Dass das sogar ein politisches Kalkül sein kann beweist der Verbrecher Trump oder will sein Pendant Bolsonaro beweisen, und es beweisen die Diktatoren allenthalben. Macht eine Racial Analysis der Toten in den USA, der Wohnungslosen seit Corona, der Verarmten…Nicht viel anderes zeichnet sich bei uns ab, bei uns in Deutschland, Österreich, der EU, nur nicht so schlimm. Für den Rest der Bevölkerung wird es Hinnahme-Strategien geben wie bei früheren langfristigen Infektionen (Syphilis, Tbc), sofern der Abstand zu den von der Seuche stärker betroffenen Schichten groß genug bleibt.

Das muss natürlich nicht so kommen, man kann dem politisch begegnen. Dazu aber sollte man besser verstehen, was die Seuche tatsächlich ist und was sie bedeutet.  

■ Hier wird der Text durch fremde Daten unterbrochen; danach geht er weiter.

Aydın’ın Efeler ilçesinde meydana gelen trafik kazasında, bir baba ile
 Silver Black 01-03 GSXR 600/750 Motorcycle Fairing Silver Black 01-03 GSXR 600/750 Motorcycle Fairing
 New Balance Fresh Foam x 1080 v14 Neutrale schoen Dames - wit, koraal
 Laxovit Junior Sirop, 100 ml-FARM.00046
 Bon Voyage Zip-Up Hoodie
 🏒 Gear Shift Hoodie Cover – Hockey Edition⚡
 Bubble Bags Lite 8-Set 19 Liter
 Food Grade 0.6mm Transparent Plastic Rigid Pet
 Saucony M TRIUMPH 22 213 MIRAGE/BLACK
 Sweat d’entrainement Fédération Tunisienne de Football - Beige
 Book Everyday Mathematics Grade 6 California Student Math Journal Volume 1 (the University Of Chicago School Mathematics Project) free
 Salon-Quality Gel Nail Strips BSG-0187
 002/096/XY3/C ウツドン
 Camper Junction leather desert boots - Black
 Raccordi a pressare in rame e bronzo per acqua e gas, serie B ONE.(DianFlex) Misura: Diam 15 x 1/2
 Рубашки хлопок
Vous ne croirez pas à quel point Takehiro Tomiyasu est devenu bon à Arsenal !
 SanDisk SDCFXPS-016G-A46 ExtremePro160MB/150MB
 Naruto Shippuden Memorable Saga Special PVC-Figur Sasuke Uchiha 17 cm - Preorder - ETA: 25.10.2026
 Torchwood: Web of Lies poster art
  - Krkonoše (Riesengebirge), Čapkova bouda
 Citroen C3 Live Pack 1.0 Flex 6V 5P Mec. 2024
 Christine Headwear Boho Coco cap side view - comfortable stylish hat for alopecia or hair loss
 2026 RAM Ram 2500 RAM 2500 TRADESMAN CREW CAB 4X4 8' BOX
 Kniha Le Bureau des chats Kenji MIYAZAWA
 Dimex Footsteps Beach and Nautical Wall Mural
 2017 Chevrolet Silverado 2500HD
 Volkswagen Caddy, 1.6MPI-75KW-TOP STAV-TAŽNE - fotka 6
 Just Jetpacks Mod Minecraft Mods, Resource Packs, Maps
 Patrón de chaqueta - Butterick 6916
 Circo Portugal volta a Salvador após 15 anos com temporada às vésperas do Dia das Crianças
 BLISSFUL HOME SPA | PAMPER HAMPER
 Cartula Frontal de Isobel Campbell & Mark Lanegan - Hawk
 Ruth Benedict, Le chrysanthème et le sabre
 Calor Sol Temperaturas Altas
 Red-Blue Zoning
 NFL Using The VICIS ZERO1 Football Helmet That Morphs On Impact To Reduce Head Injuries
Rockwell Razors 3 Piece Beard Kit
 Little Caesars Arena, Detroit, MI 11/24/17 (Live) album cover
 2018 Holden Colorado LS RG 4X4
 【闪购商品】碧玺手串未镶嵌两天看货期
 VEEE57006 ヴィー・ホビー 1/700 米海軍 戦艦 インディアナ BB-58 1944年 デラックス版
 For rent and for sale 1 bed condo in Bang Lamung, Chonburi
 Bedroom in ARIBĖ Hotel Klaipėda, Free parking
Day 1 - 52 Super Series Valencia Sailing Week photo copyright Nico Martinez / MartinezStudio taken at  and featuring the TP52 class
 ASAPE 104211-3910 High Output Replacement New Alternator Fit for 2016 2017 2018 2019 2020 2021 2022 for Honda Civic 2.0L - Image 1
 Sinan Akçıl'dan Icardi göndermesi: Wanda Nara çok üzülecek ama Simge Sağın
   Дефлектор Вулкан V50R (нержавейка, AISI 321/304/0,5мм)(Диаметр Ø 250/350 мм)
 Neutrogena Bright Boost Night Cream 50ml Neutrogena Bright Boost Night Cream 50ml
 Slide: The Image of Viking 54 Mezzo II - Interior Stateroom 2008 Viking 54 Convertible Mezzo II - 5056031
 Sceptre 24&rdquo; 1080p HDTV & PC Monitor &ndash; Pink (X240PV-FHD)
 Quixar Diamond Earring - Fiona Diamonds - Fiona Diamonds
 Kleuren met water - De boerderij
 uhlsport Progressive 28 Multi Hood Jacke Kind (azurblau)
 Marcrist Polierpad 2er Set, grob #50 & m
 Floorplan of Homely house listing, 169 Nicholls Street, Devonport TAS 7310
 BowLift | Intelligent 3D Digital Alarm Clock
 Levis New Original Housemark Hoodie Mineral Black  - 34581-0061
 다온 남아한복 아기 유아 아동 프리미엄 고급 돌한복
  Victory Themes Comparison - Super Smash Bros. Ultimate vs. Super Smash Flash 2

Erneut verweise ich auf Stefan Weidner: hört die ganze Geschichte nach, bitte: https://www.deutschlandfunk.de/essay-und-diskurs.1183.de.html (26.7.2020, 7 Tage direkt in der Audiothek).

Es findet jetzt bereits eine  Mythenbildung statt, wie das bei 9/11 der Fall war. Und in der Dekonstruktion des Mythos lernen wir unsere Verantwortung und unsere Haftung für die Folgen von unkontrollierter Globalisierung, Beschleunigung, für die Folgen der Kolonisierung, für die Missachtung dessen, was Freiheit sein kann, wenn nur das ausgenutzt wird, was Freiheit gerade ist.